Article 2 : Il est enjoint au préfet du Nord de délivrer à M. A... un certificat de résidence algérien en qualité de conjoint de Français dans un délai d’un mois mois à compter de la notification du présent jugement, sous astreinte de cinquante euros par jour de retard.

Article 3 : L’Etat versera à Me Zambo Mveng la somme de 1 600 euros au titre des articles L. 761-1 du code de justice administrative et 37 de la loi du 10 juillet 1991 contre renonciation de la part dudit conseil au bénéfice de l’indemnité versée au titre de l’aide juridictionnelle.








Article 4 : Le présent jugement sera notifié à M. B... A..., au préfet du Nord et à Me Zambo Mveng.

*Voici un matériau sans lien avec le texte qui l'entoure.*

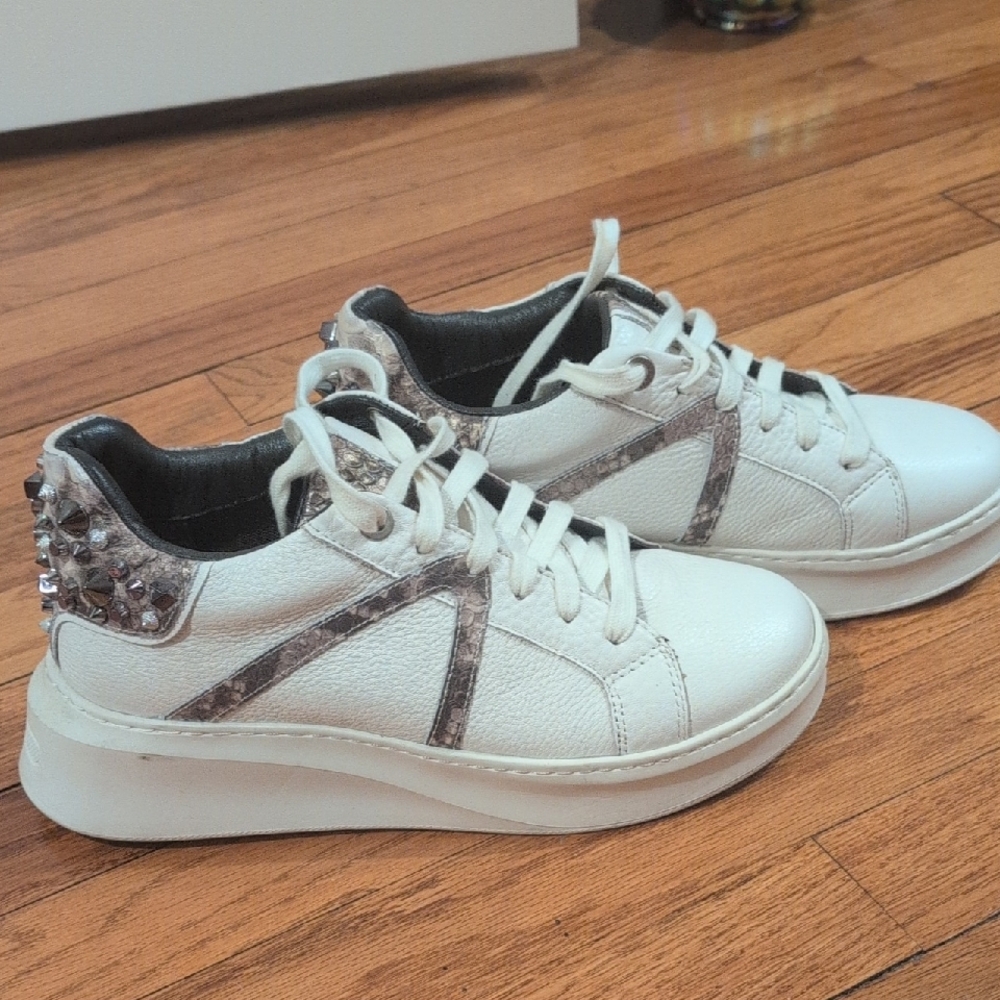Vince Camuto White Sneakers with Studded Details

Copie en sera transmise au ministre de l’intérieur.

Délibéré après l’audience du 10 mars 2026, à laquelle siégeaient :

M. Fabre, président,
Mme Bruneau, première conseillère,
M. Garot, conseiller.

Rendu public par mise à disposition au greffe le 31 mars 2026.


Le président-rapporteur,

Signé

X. FABRE
L’assesseur le plus ancien,

Signé

M. BRUNEAU



Le greffier,

Signé



A. DEWIERE


La République mande et ordonne au préfet du Nord en ce qui le concerne ou à tous commissaires de justice à ce requis en ce qui concerne les voies de droit commun contre les parties privées, de pourvoir à l’exécution de la présente décision.